Bangalore, Karnataka, India

Sep 2021

→

Jun 2022

Summary

Developed a distributed load testing platform, built a vendor-agnostic event-driven microservice, and implemented a company-wide OpenTelemetry observability stack.

Highlights

Developed a distributed load testing platform using Locust, Python, and Kubernetes, enabling teams to simulate production-level traffic, cutting test setup time from 5 hours to 2 hours (60%) and accelerating release cycles by 35%.

Built a vendor-agnostic event-driven microservice supporting multiple message brokers (Kafka, PubSub), handling 1,000+ subscribers and processing 10M+ daily events, saving development teams 20 engineering hours weekly on integration tasks.

Implemented a company-wide OpenTelemetry observability stack with eBPF-based instrumentation across 40+ microservices, capturing kernel-level network and latency traces without code changes, improving debugging efficiency by 50% and halving average incident resolution time from 4 hours to 2 hours.

Modernised 8 legacy Jersey-based services to Spring Boot, improving developer velocity by 45% and reducing build times from 12 to 9 minutes.

Tata 1MG

Senior Software Engineer (SDE-2)

Gurgaon, Haryana, India

Aug 2020

→

Sep 2021

Summary

Architected a digital health records platform and created a production-ready FastAPI microservice boilerplate to support telemedicine expansion.

Highlights

Architected a digital health records platform using FastAPI and PostgreSQL, enabling real-time lab report and prescription management for 50K+ monthly patients, improving data accessibility by 80% and supporting Tata 1MG's telemedicine expansion.

Created a production-ready FastAPI microservice boilerplate with unit tests and CI/CD integration, adopted by 10+ engineering teams, reducing new service setup from 2 days to 4 hours.

Built a centralised communication platform using Python and SQS/Kafka, handling 100K+ daily notifications (email, SMS, WhatsApp) and improving delivery reliability from 80% to 99.99%.

Tata 1MG

Software Engineer (SDE-1)

Gurgaon, Haryana, India

Feb 2018

→

Aug 2020

Summary

Developed an ML-powered recommendation engine, engineered a subscription-based Diabetes care platform, and built an automated health survey system.

Highlights

Developed an ML-powered recommendation engine using Python and Cassandra, delivering personalised product suggestions that increased conversion rates by 30% and click-through rates by 20%, contributing $60K+ in additional quarterly revenue.

Engineered a subscription-based Diabetes care platform using FastAPI and Kubernetes, growing to 3,500+ daily active users within 6 months at 75% retention, establishing it as a flagship product generating $100K+ annual revenue.

Engineered an automated health survey system using Python and PostgreSQL, delivering targeted assessments to 100K+ users monthly, boosting engagement by 45% through gamified experiences.

Education

National Institute of Technology Durgapur

Durgapur, West Bengal, India

Sep 2013

→

Jun 2017

B.Tech

Information Technology

Publications

Technical Blog

Published by

Medium

Summary

Published 5+ articles on distributed systems, observability, and platform engineering, reaching 10K+ readers.

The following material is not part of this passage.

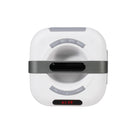 Bocina Inalámbrica Portátil STF Allure: 5"x2 pulgadas, Luz LED RGB, Blanca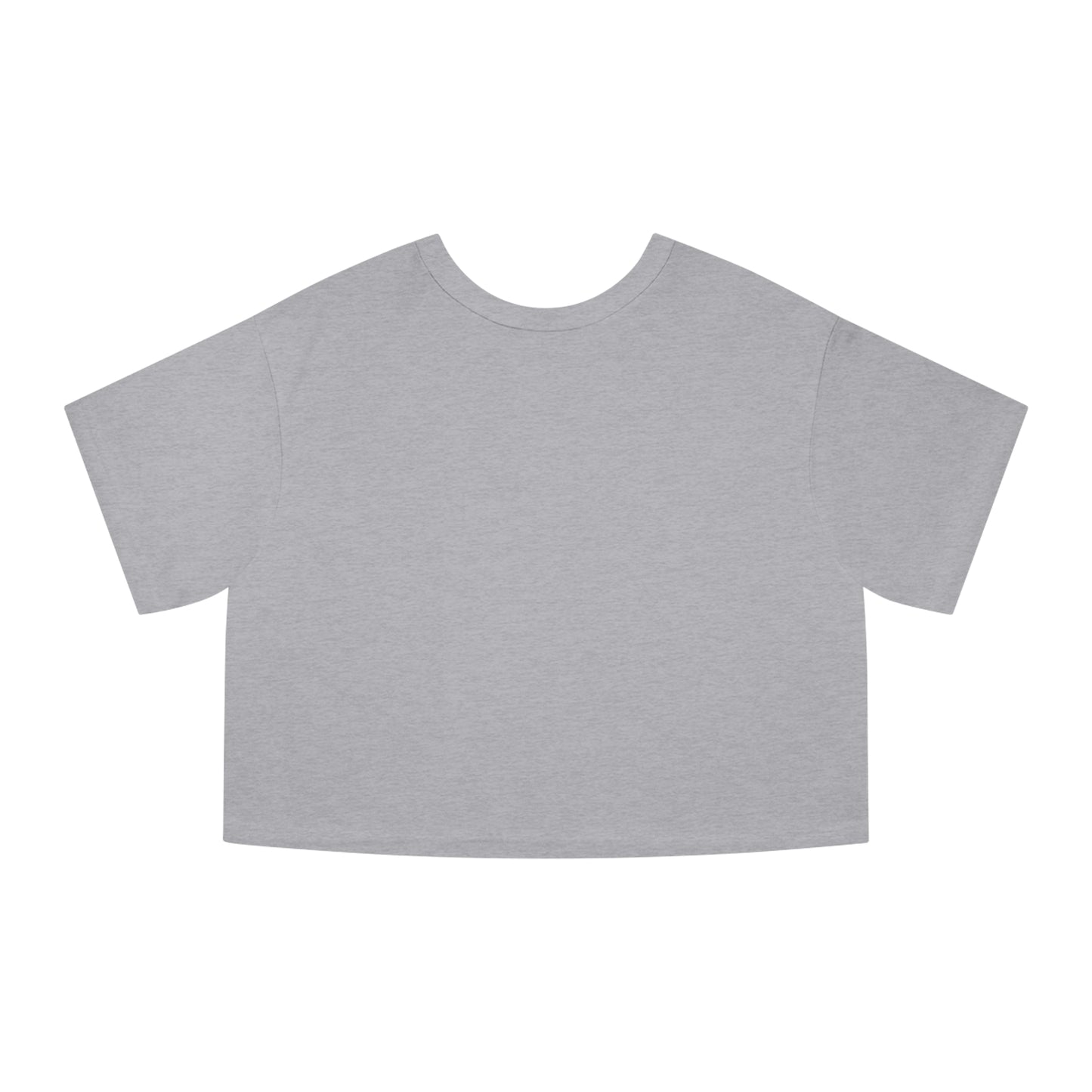 Color Splash Cropped Tee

Topics included OpenTelemetry with eBPF instrumentation, Kafka event-driven architectures, Kubernetes-based load testing, and distributed job scheduling at scale.

Languages

English

Skills

Languages

Python, Java, Go, SQL, Node.js.

Infrastructure & Cloud

Kubernetes, Kubernetes Operators, Helm, Kustomize, Docker, Terraform, GCP, AWS, ArgoCD, Jenkins, GitHub Actions, Bitbucket Pipelines.

Observability & Streaming

Prometheus, Grafana Mimir, OpenTelemetry, Kafka, Apache Flink, Grafana, Sentry, eBPF.

Data & Storage

PostgreSQL, Redis, Cassandra, MongoDB, MySQL, Apache Iceberg.

Frameworks

Spring Boot, FastAPI, Flask, Django.

Core Competencies

Distributed Systems, Platform Engineering, SLI/SLO Design, Capacity Planning, FinOps, Cost Optimisation, High-Availability Systems, Multi-Region Infrastructure, Microservices Architecture.